EMN 2021 | Early diagnosis and optimal treatment of AL amyloidosis

I’d like to thank again the EMN Committee organization for having a talk, had a couple of talk about amyloidosis at these important meeting. And I discuss in the meeting the importance of early diagnosis and the optimal therapy for patients with this disease. Early diagnosis is fundamental, because patients with amyloidosis that were diagnosed in the early stage of the disease have more and a better survival compared to others and cardiac biomarkers are fundamental for the assessment of diagnosis.

Of particular importance for those patients in, with monoclonal gammopathy of undetermined significance, in which it is fundamental to check for cardiac and renal biomarkers to have the suspect and then the diagnosis of AL amyloidosis. Cardiac biomarkers are also fundamental for the optimal therapy.

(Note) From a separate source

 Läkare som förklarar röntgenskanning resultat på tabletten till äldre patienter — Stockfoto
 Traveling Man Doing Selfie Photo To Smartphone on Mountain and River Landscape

And we discuss in the talk, the different treatment regimens for the different populations. So, those in the so called low-risk patient disease, so those are with low cardiac biomarkers with a mild cardiac involvement, those in an intermediate-risk disease and those in the so-called high-risk population. For all the different three groups we had the different approaches, that move from autologous stem cell transplant for those in the early stage of the disease and for the intermediate group we have now two Phase III studies that reported the optimal therapy for these subgroup. So, the bortezomib, melphalan and dexamethasone for the transplant-ineligible and of course in the use of daratumumab in combination with bortezomib for all those eligible to transplant. And thanks to the ANDROMEDA study results, probably these will be the new gold standard for newly diagnosed AL patients.

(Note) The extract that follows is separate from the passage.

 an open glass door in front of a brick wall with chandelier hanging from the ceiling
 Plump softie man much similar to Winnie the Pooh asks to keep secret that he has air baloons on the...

And lastly the so-called high-risk patients population, indeed there’s still an unmet need. And in these subgroup of patients, an approach with subsequent therapy or with the use of a low-dose treatment is the best option so far. Also, in this subset, try to enrich the best hematologic response, a rapid and deep hematologic decrease of the free light chain, translates in better overall survival. Of course, also for those patients, we have to treat and evaluate response quickly and maybe change treatment strategy quickly in order to try to obtain a profound reduction of the free light chain.

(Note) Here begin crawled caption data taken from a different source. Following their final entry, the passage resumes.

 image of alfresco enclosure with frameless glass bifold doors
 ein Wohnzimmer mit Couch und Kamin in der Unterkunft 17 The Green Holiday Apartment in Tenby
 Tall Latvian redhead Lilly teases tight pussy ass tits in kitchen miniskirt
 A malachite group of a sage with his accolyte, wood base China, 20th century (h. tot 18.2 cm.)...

Lastly for the optimal therapy, we have now several options for the relapsed/refractory disease. Again, daratumumab is an important option if available, among patients that failed first-line therapy. Immunomodulatory agents represent a backbone of therapy so far, with lenalidomide and pomalidomide that demonstrate an efficacy in several studies. And lastly for those who are refractory also to daratumumab or to immunomodulatory agents, we have other options, and also we have the importance of enrolment in clinical trials and collaboration among centers and among experts is fundamental in particular for rare disease such as AL amyloidosis.